En 1834, à l’époque où, dans le salon de madame Récamier, eurent lieu les lectures des Mémoires, le baron de Billing était chargé d’affaires de France à Naples. C’est de cette ville qu’après avoir lu, dans la Revue de Paris, le premier article de Jules Janin, il lui écrivit pour lui signaler un de ces actes de générosité dont Chateaubriand fut coutumier toute sa vie, aux jours de sa détresse comme aux heures de sa prospérité. Parce qu’il a plu à Chateaubriand de toujours se taire sur ces actes-là, ce nous est peut-être une raison d’en faire connaître au moins quelques-uns. Par l’anecdote qu’elle rappelle, par les détails qu’elle contient, la lettre de M. Billing est, d’ailleurs, comme une page tombée des Mémoires ; il sied, je crois, de la leur restituer.

Voici cette lettre.

Naples, ce 30 avril 1834.

Monsieur Jules Janin, à Paris,

Vous nous avez donné, dans la Revue de Paris, un admirable article sur M. de Chateaubriand ; vous nous en promettez un second, et c’est à cette occasion que je vous adresse la présente lettre…

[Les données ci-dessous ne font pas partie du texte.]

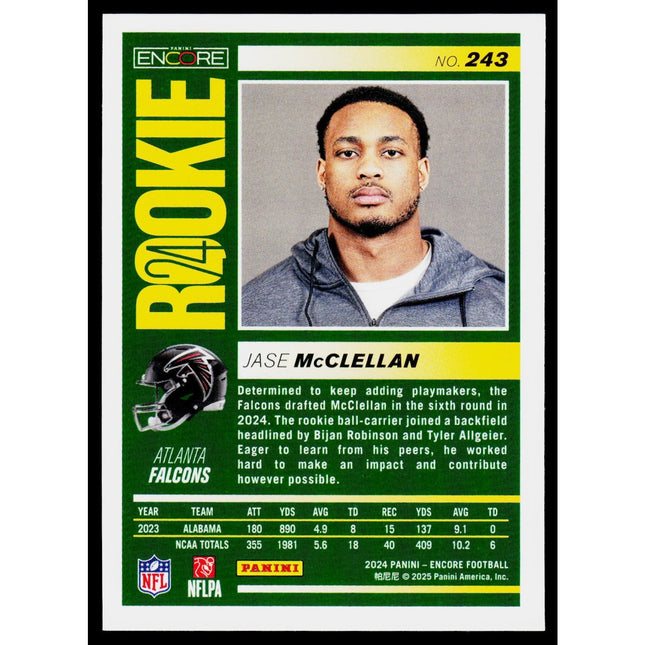 Jase McClellan 2024 Panini Encore #243 RC Atlanta Falcons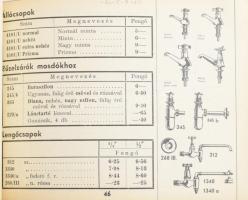 Ulrich B.J. Bp. netto kéziárjegyzék (Fürdőszoba szerelvények, képekkel) 1939. március hó, 116p, fém ...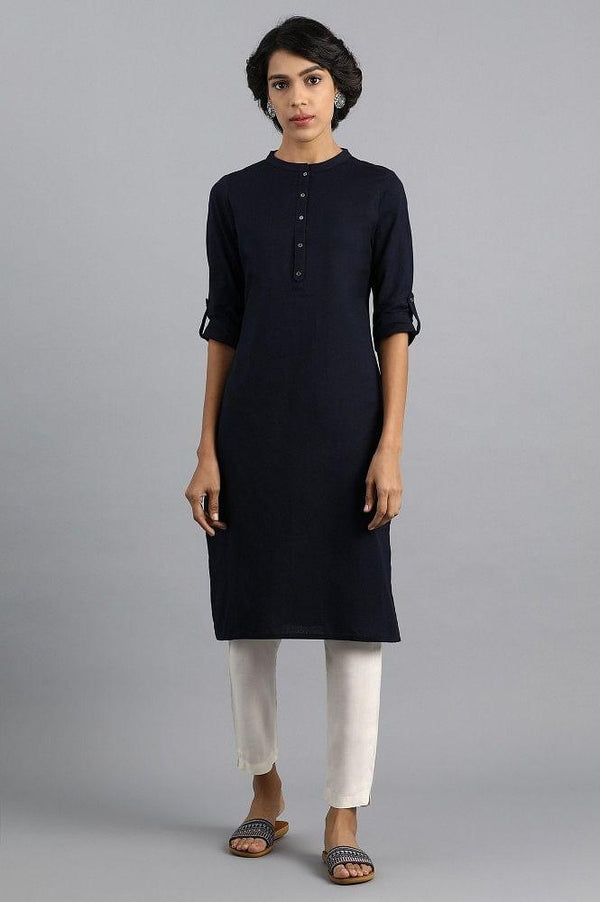 Blue Mandarin Neck Solid kurta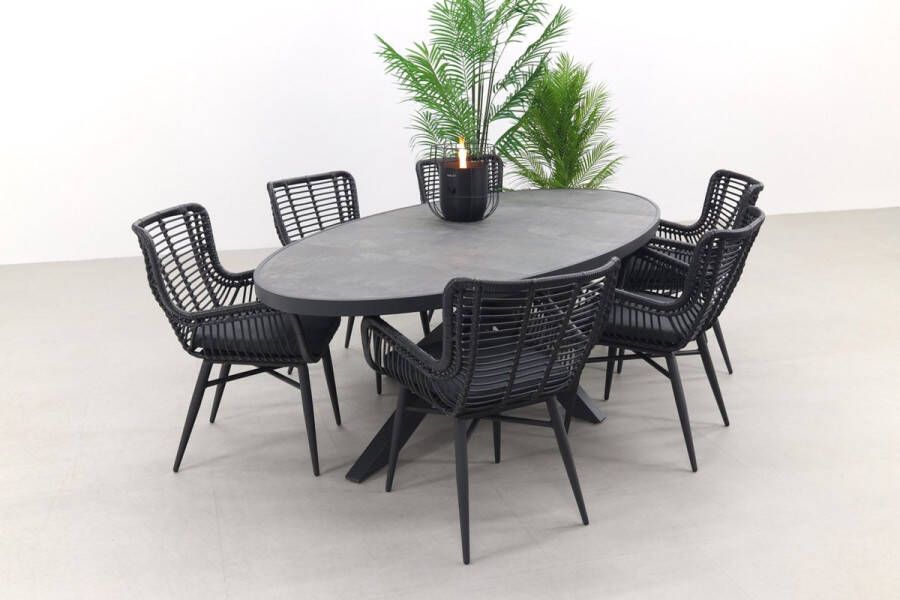 Van der Garde Tuinmeubelen VDG Jasmine Black|Silva 240x115 cm. ovale tuinset 7-delig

Vous saurez donc que, par un bonheur inespéré, lors de son ambassade à Londres, M. de Chateaubriand voulut bien non seulement m’honorer d’un intérêt, dont j’ai plus tard éprouvé les effets, mais qu’il daigna m’accorder quelque part dans sa confiance. Connaissant ma longue habitude du pays où il venait représenter la France, il avait coutume de remettre entre mes mains, souvent même presque sans examen, les lettres qu’il recevait de l’intérieur de l’Angleterre. Un jour, parmi celles qui composaient cette correspondance pour ainsi dire quotidienne, il s’en trouva une dont l’écriture, la forme même, excitèrent particulièrement mon attention ; un certain parfum de femme me fit hésiter longtemps d’en pénétrer le contenu, car je craignais quelque distraction de la part de celui dont la tête, comme celle du père Aubry, n’avait pas toujours été chauve. Enfin, il me sembla que ce papier respirait une odeur de pureté et d’innocence. Je l’ouvris : c’était une de ces lettres charmantes telle que Clarisse l’aurait écrite avant d’avoir rencontré Lovelace. Elle était adressée à M. de Chateaubriand par une jeune femme qu’il avait connue enfant, qu’il avait entièrement perdue de vue depuis lors, mais qui néanmoins (heureux privilège du génie !) conservait encore le nom poétique, dont il l’avait baptisée en badinant. Elle lui rappelait ces jours charmants de sa joyeuse enfance et lui racontait comment, depuis cette époque, elle avait grandi et venait de contracter avec un jeune Clergyman une union qui faisait la félicité de son existence. Elle lui demandait la grâce de paraître devant lui pour lui présenter son mari, mais surtout pour remercier, au nom de ses vieux parents, l’ambassadeur du puissant roi de France, des bienfaits dont l’auteur pauvre, et alors ignoré, de l’Essai sur les Révolutions, les avait jadis comblés : « Vous ne pouvez avoir oublié, disait-elle, que sachant mes parents dans la détresse, vous avez compati à des maux que vous éprouviez vous-même, au point d’abandonner généreusement à vos humbles hôtes tout le produit de l’ouvrage que vous veniez de mettre au jour ! »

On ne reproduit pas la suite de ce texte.